Monday, November 9, 2009

A bridge between nominal and positional information

Many developers have been faced with the design trade-offs around nominal versus positional access. Nominal access allows one to be noncommittal about shape information of data types. For example, if the only access to data is via a collection of functions called cons, head, rest, ... many, many shapes support valid and useful interpretations. On the other hand, this sort of specification doesn't play well with traditional pattern-matching. That is, pattern-matching -- which is traditionally a form of positional access -- nails down the shape of data.

Recently, i found myself writing Scala code in the following pattern.

trait T[P1,...,Pm] {
def location1 : Type1[P1,...,Pm]
def locationN : TypeN[P1,...,Pm]

abstract class C[P1,...,Pm](
location1 : Type1
locationN : TypeN
) extends T

case class CC(
location1 : Type1
locationN : TypeN
) extends C

This spells out a clear relationship between nominal and positional access, but it made me wonder if one could have a tighter, clearer relationship. Could you insist, for example, that all nominal types (the types of things that represent names, variables, etc) encoded positional information?

Before showing how simply this can be done, let me provide a little additional motivation through chemistry -- literally. Walter Fontana once remarked to me that one of the real dividing lines between the practice of alchemy and chemistry was the development of the periodic table. Before the periodic table the names of the elements didn't (obviously) encode structural information about the elements and hence nominal information about mixtures of elements had no predictive power over the properties or behavior of said mixture. After the periodic table the names of elements effectively became their positions in the periodic table which reflected structural information about the elements they named. This enabled the practitioner to write equations of the form

Na + Cl => NaCl

2H + O => H2O

and make a formal theory of their meaning that had predictive properties of the physical world. That was a big step.

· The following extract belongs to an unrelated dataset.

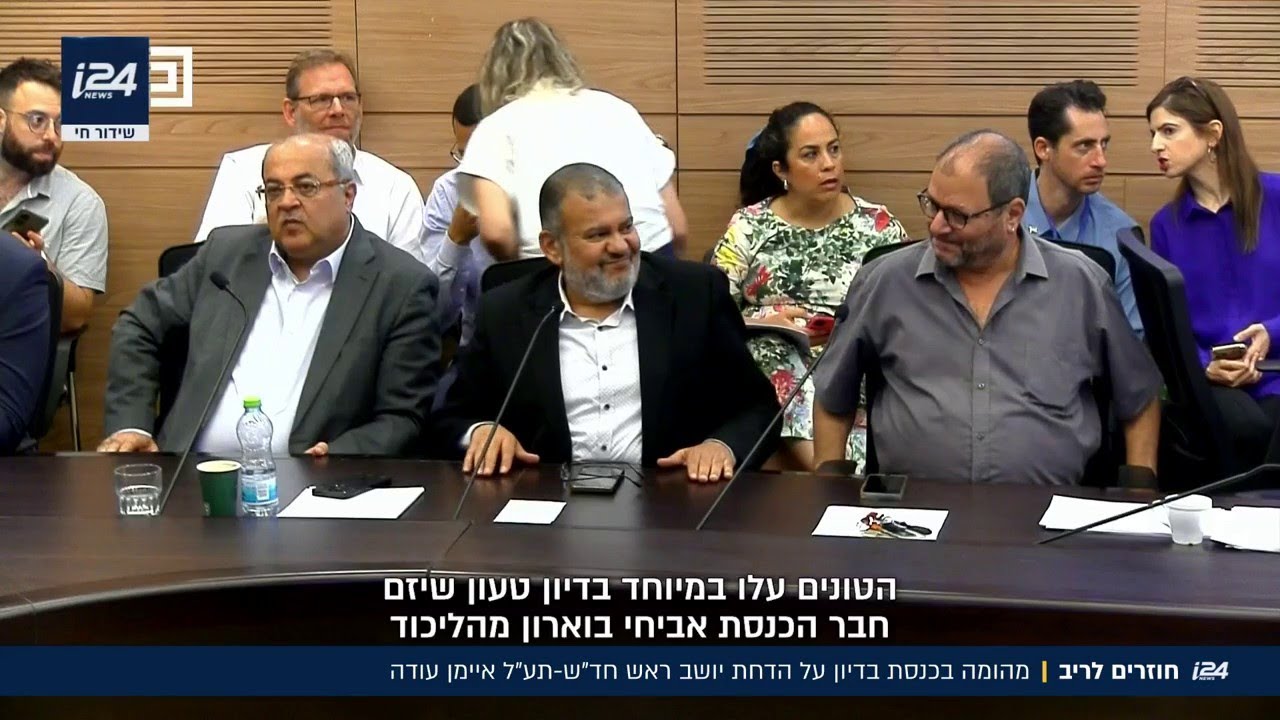 חוזרים לריב: מהומה בכנסת בדיון על הדחת איימן עודה בעקבות אמירותיו על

In my mind software development suffers because so much rests in the informal or contextual information encoded in nominal access to information -- such as variable names or function names. In point of fact many pieces of code are behaviorally equivalent and not recognized as such because they are encoded via nominal access that obscures this fact. On the other hand, purely positional access can be prohibitively inexpressive. Higher-level languages are clearly more understandable to humans than machine code precisely because of the ability to add contextual information in nominal access -- such as variable names or function names. Therefore, finding better relationships between nominal and positional access -- in particular understanding what the possible set of relations are -- seems like a worthy goal. Is there the equivalent of a transition from software-as-alchemy to software-as-chemistry?

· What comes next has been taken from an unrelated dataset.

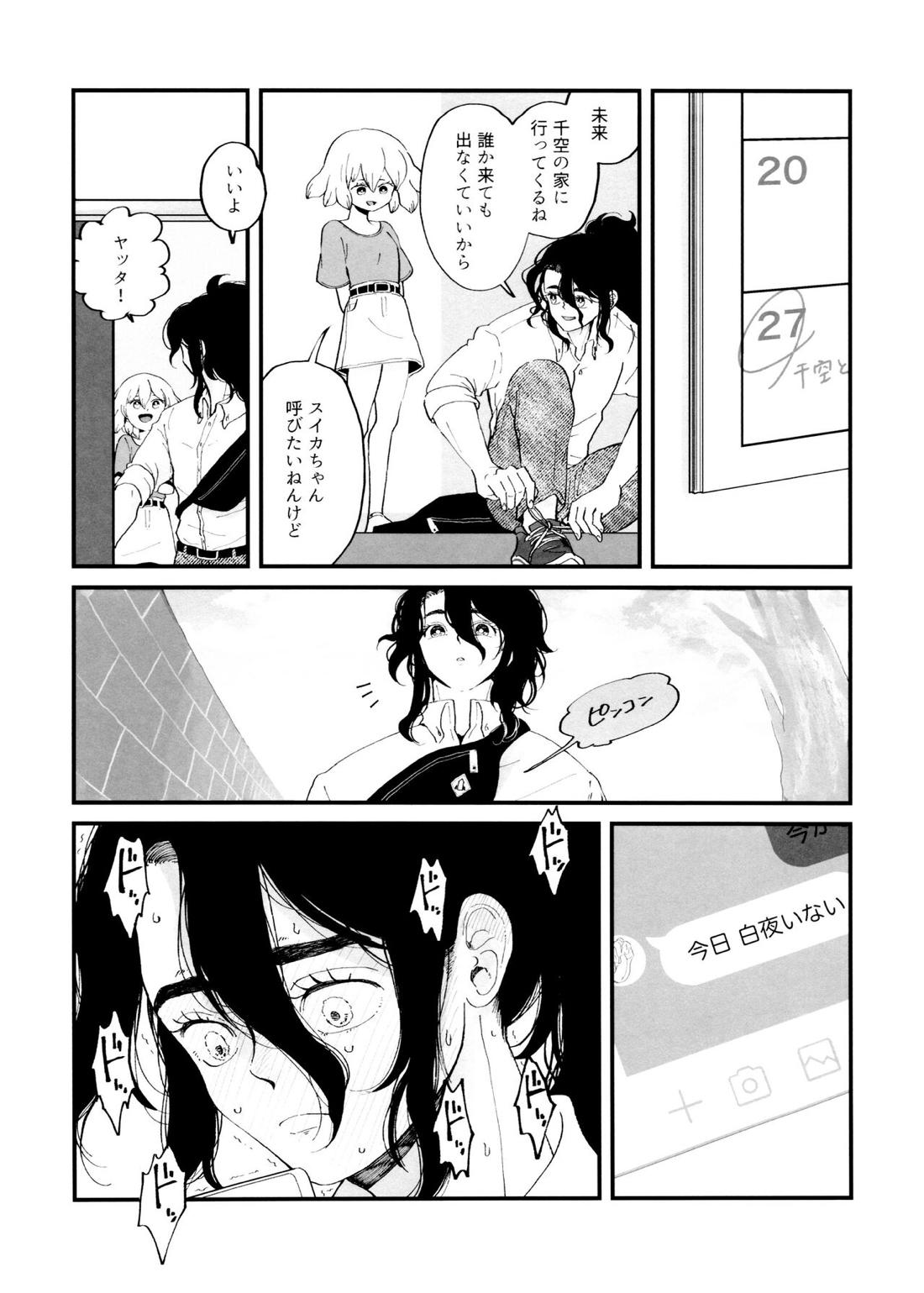 女装ロードマップ【Dr.STONE/司×千空】 page 15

McBride, et al's, recent work on the derivative of regular data types turns out to provide a step in that direction. Let me illustrate the idea via the lambda calculus. We can write down a domain equation for the terms in lambda calculus.

T[N] = N + N x T[N] + T[N] x T[N]

This domain equation can be viewed as a transcription of the standard syntactical presentation of the lambda calculus

T[N] ::= variable N | abstraction N T[N] | application T[N] T[N]

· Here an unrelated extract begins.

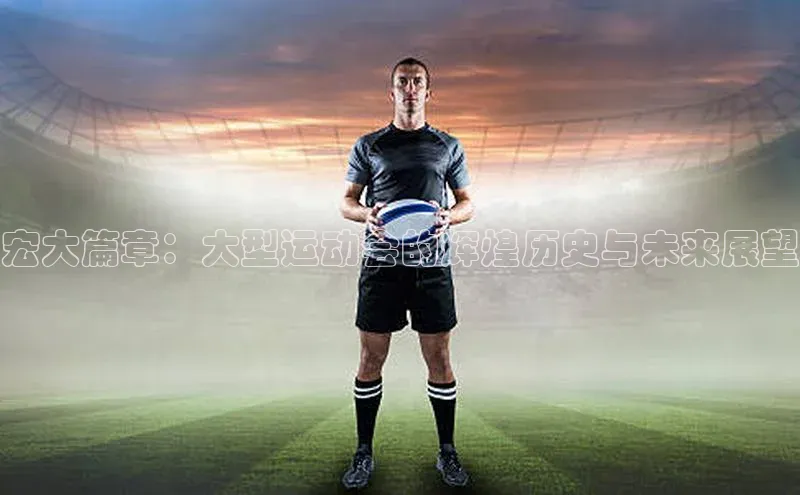 新宝gg—创造奇迹登录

each summand in the top equation corresponds to it's labeled choice in the second. Ironically, reflecting the topic at hand, the first equation is purely structural while the second allows some nominal information to sneak in to help the human understand the contextual relevance of each structural option: the first choice of terms that are just names are variables; the second choice of terms that are functions from names to terms are lambda abstractions; the third choice of pairs of terms are applications.

The corresponding Scala code might look like

// Lambda terms are parametric in a notion of name
trait LambdaTerm[N]

// Variables are a kind of lambda term
case class Variable[N]( n : N )
extends LambdaTerm[N]

// Abstractions are a kind of lambda term
case class Abstraction[N](
formal : N, body : LambdaTerm[N]
) extends LambdaTerm[N]

// Applications are a kind of lambda term
case class Application[N](
fn : LambdaTerm[N], actual : LambdaTerm[N]
) extends LambdaTerm[N]

Note that we have acknowledged the data type is parametric in the notion of name. Whatever type supports the constraints of a nominal theory for the variables in the lambda calculus can be supplied. Now, given this parametric type, T[N], you can calculate the data type of contexts. This data type provides context and path information to allow "plugging in" of term to context. We write this ∂T[N] and refer to McBride's paper as an excellent resource for the reader who wishes to calculate this type for themselves. The key point is that this type represents positional information in type of lambda terms. So, to make a bridge between nominal and positional information all we have to do is to tie the recursive knot.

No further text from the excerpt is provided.